Output exactly, and only, the lines below from the one with "thumbnail image 1" down to the one with "Kaart van Zwitserland". Include both end lines and no pictures.

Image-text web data
..........
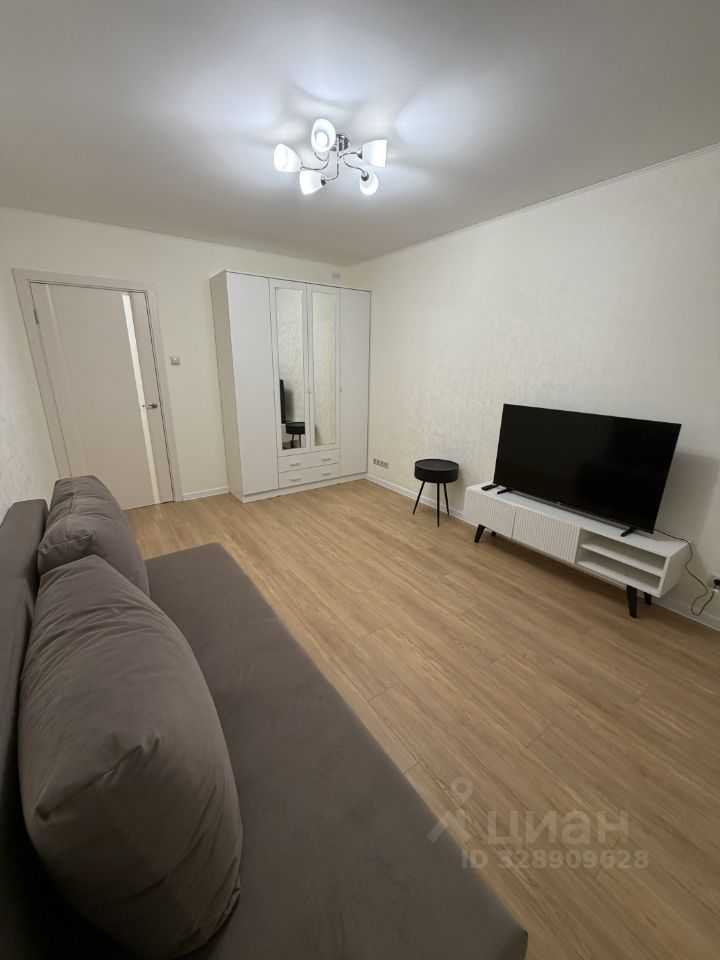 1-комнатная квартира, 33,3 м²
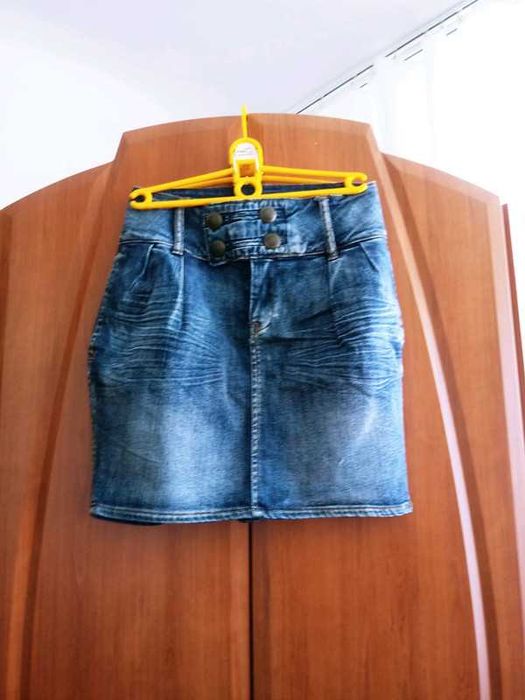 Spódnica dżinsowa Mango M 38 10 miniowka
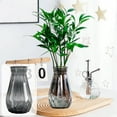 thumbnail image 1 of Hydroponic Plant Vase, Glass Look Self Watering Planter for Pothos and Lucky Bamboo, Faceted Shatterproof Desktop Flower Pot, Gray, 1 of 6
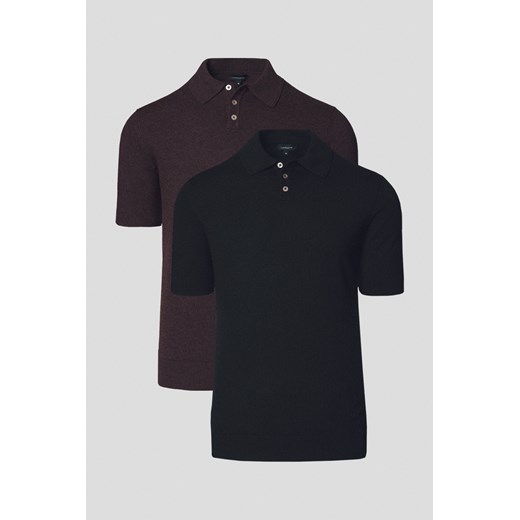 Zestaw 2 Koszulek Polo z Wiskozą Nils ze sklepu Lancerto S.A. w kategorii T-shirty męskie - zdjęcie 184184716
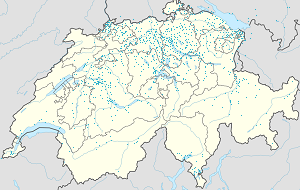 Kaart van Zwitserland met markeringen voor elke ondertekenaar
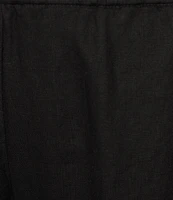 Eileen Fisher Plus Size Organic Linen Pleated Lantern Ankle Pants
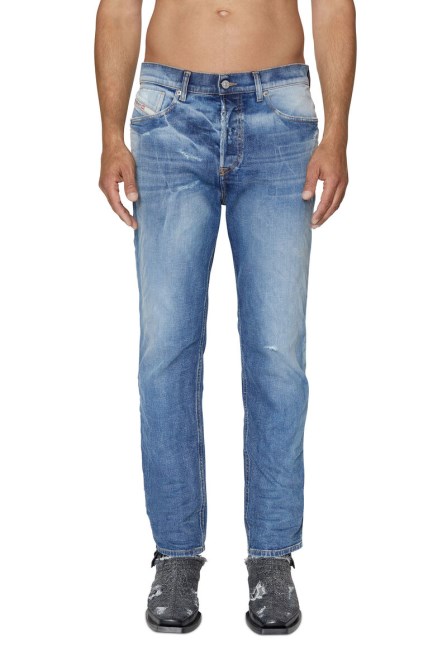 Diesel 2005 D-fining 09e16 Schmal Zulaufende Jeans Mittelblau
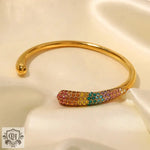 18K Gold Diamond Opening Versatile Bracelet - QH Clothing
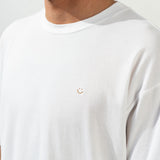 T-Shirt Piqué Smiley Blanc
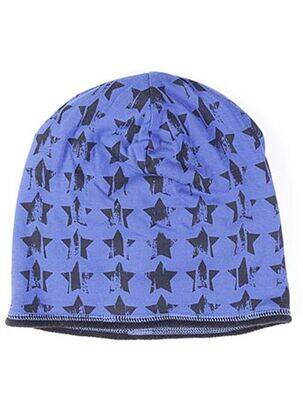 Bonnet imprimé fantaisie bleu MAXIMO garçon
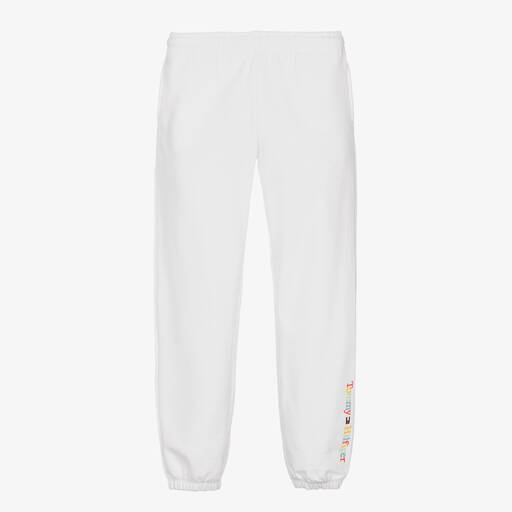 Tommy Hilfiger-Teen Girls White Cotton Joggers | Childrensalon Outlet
..........
__OUTPUT OF THE TASK__:
 thumbnail image 1 of Hydroponic Plant Vase, Glass Look Self Watering Planter for Pothos and Lucky Bamboo, Faceted Shatterproof Desktop Flower Pot, Gray, 1 of 6
 Zestaw 2 Koszulek Polo z Wiskozą Nils ze sklepu Lancerto S.A. w kategorii T-shirty męskie - zdjęcie 184184716
 Kaart van Zwitserland met markeringen voor elke ondertekenaar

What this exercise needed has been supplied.